Well, that first book is going to be four or five books at some point. I plug away at it when I am blocked on other things. So, it’s an epic that should be many books. I was too green to writing long fiction to stop when I got to the end of book one and say, OK let's wrap this up and go on to book two.

My second book---have no idea what to do with that monster---I checked word count on it today and it is out of this world. And i am not done with it. I stopped because there didn't seem to be any point any more with it. I went on and on and on and on and on----somewhere in it there are stand-alone books.

But--oh how I love some of the scenes! They jump from the pages vivid and sparkling, among many others that do the same. So to explain murdering my darlings---I need to choose which of those sparkling scenes best tells the story and advances it and kill the rest.

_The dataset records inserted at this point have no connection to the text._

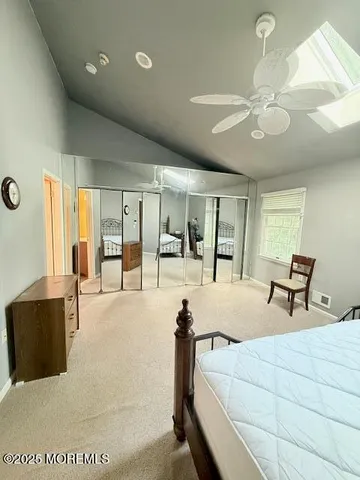 a bed room with a bed and a television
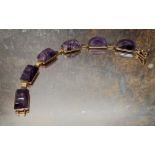 A 9ct gold Art Deco style bracelet, each link set with a polished amethyst rectangular arched stone,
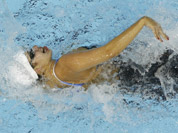 Syria`s Bayan Jumah competes in a women`s 100-meter freestyle swimming heat at the Aquatics Centre in the Olympic Park during the 2012 Summer Olympics in London.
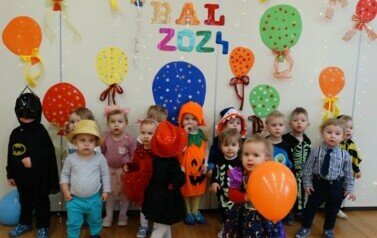 Sala zabaw-na pierwszym planie grupka dzieci w strojach postaci z bajek. W tle kolorowe balony i napis "BAL 2024"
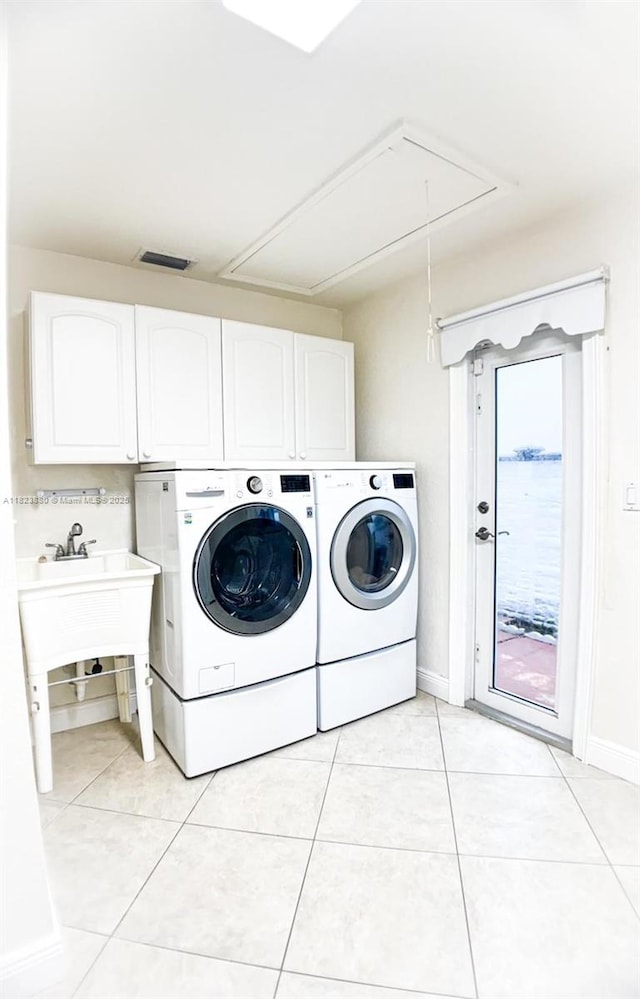 14332 SW 38th Ter, Miami, FL 33175 - washroom featuring cabinet space, independent washer and dryer, attic access, and light tile patterned flooring
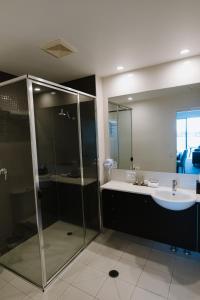 y baño con ducha y lavamanos. en Ramada Hotel & Suites by Wyndham Ballina Byron en Ballina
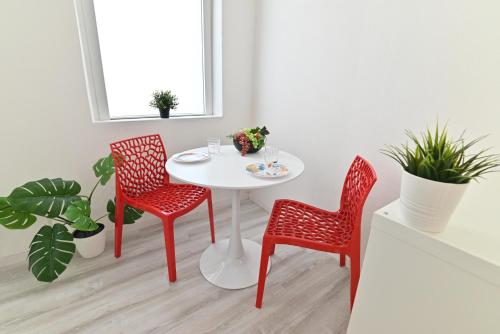 a white table with two red chairs and a white table at IzzHome The Breeze in Cagliari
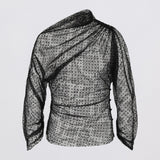 Black and white patterned blouse on a light gray background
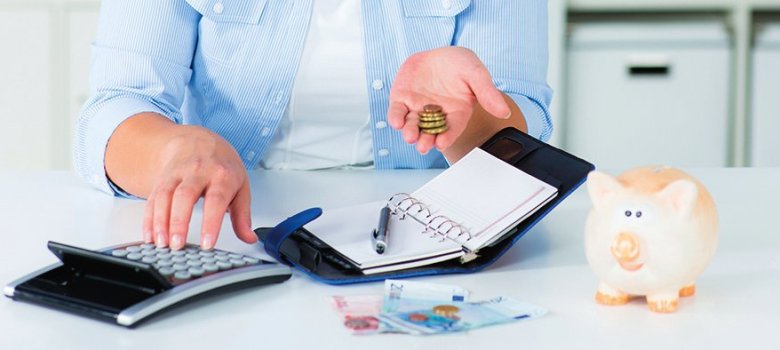 Eine Frau hält Geld in der linken Hand und bedient mit der rechten Hand einen Taschenrechner. Vor Ihr liegt ein aufgeschlagener Organizer und ein Stift. Auf dem Tisch liegen mehrere Geldscheine. Rechts steht ein Sparschwein.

To me it is also not just in a long work this needs to be done. In the novel I am marketing right now, the main character drives a Jaguar. I had a scene where he was washing the car, by hand. It was, I reasoned, part of the setup to show how material the character was. (I had already done this in several places) A fellow writer commented that it was the only sex scene in the novel. As in, he didn't wash the car, he made love to it.

While a great and vivid scene, it went a little over the top for the characterization, and for the character as he grew and learned throughout the book. So, though I have kept the scene on my hard drive and in back up, it was cut. But boy I loved that written in flow scene! Thus another of my murdered darlings.

Cutting the junk is cutting the junk. Have mouse will travel. Highlight and hit delete with delight. But that is something learned along the way----what is good for the story and what is good for the writer are often hard to see. Practice and crit groups, though, help a lot.

Shawn-----off to murder some darlings and fix a plot flaw in my new work.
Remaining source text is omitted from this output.